● Exercise
Under this line sits a listing. Repeat exactly and only its lines from the one holding "Puede incluir: Primer" through the one holding "Lot 278 - A"; skip pictures.

● Records for this exercise
--- START ---

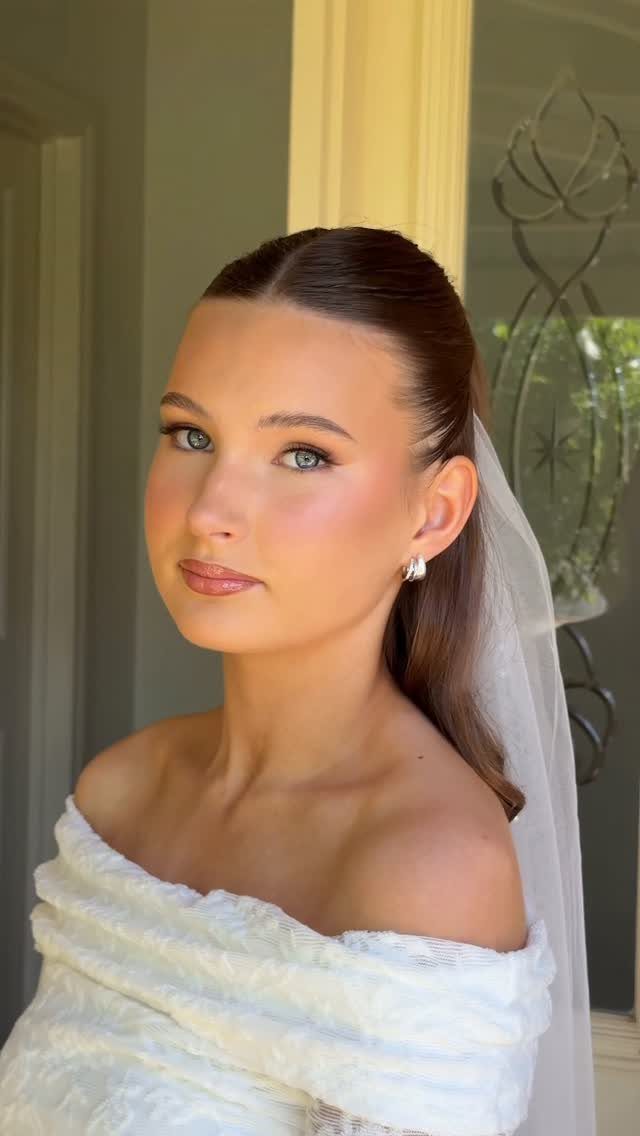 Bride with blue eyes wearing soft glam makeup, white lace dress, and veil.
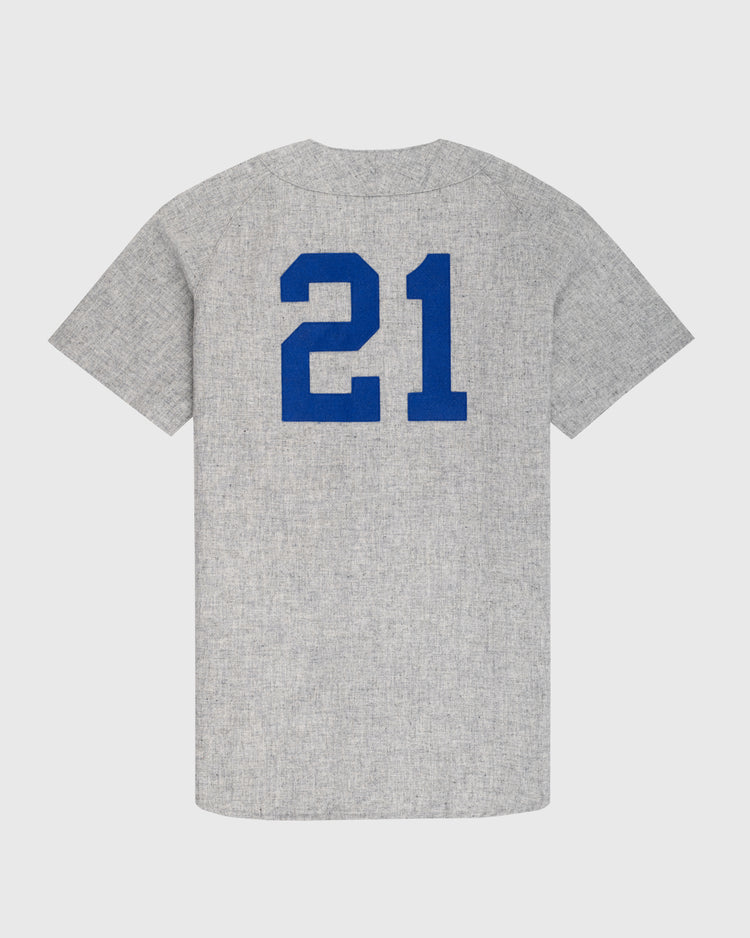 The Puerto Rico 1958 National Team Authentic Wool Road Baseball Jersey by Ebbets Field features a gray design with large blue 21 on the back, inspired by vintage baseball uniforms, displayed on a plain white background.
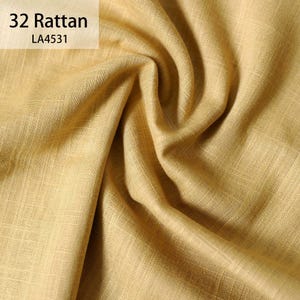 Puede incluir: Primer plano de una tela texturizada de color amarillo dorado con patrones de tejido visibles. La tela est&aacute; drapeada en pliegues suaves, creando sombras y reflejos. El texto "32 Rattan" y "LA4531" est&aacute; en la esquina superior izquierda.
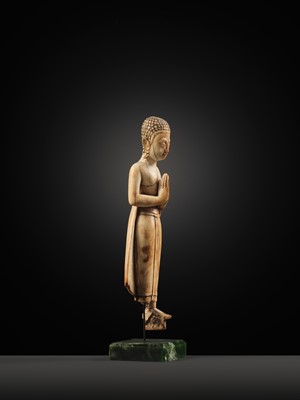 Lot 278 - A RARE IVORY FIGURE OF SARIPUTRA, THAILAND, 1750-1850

--- END ---
--- START ---

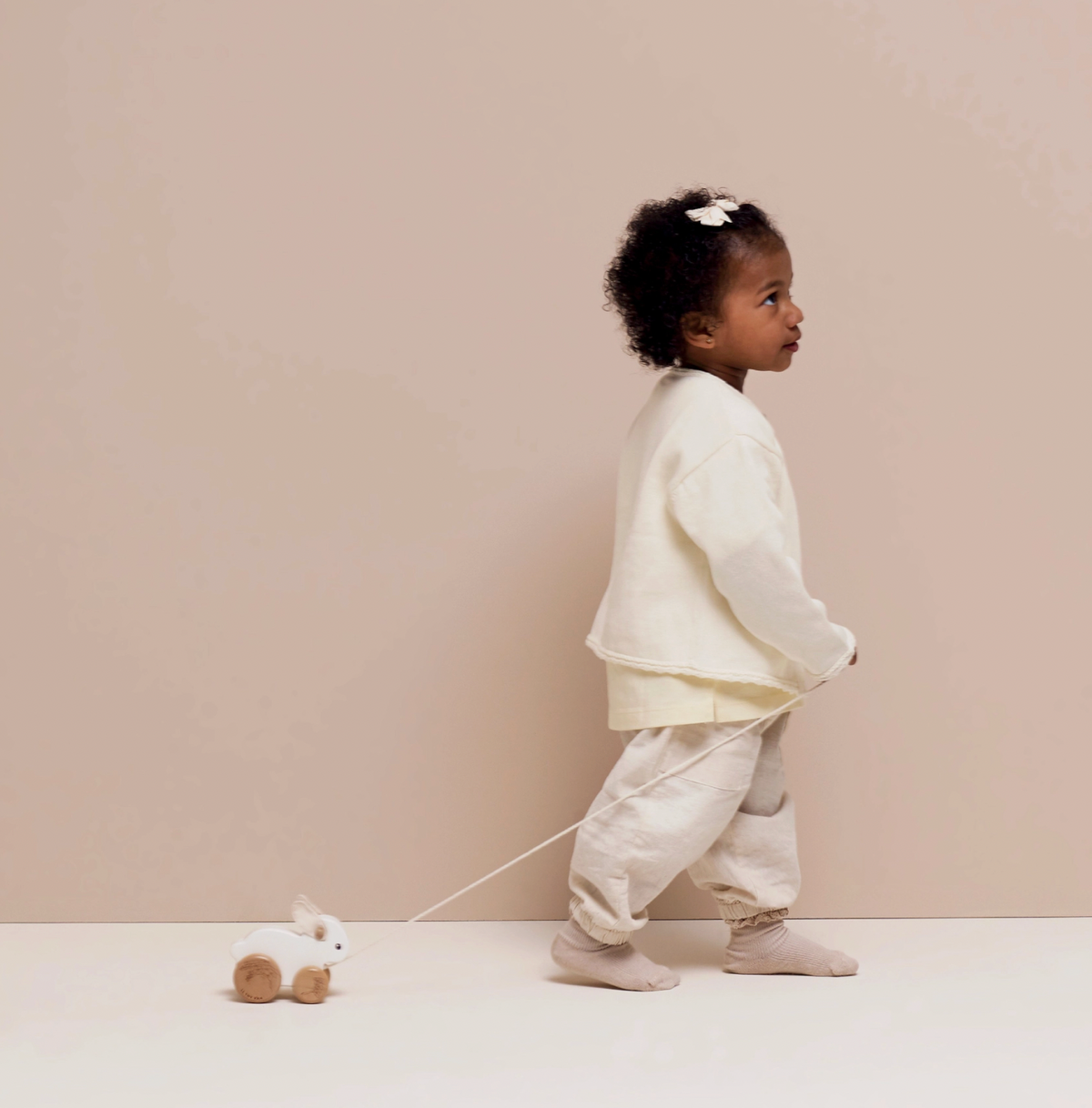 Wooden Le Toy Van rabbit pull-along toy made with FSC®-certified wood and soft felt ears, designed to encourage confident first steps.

--- END ---

● Solution to the exercise
 Puede incluir: Primer plano de una tela texturizada de color amarillo dorado con patrones de tejido visibles. La tela est&aacute; drapeada en pliegues suaves, creando sombras y reflejos. El texto "32 Rattan" y "LA4531" est&aacute; en la esquina superior izquierda.
 Lot 278 - A RARE IVORY FIGURE OF SARIPUTRA, THAILAND, 1750-1850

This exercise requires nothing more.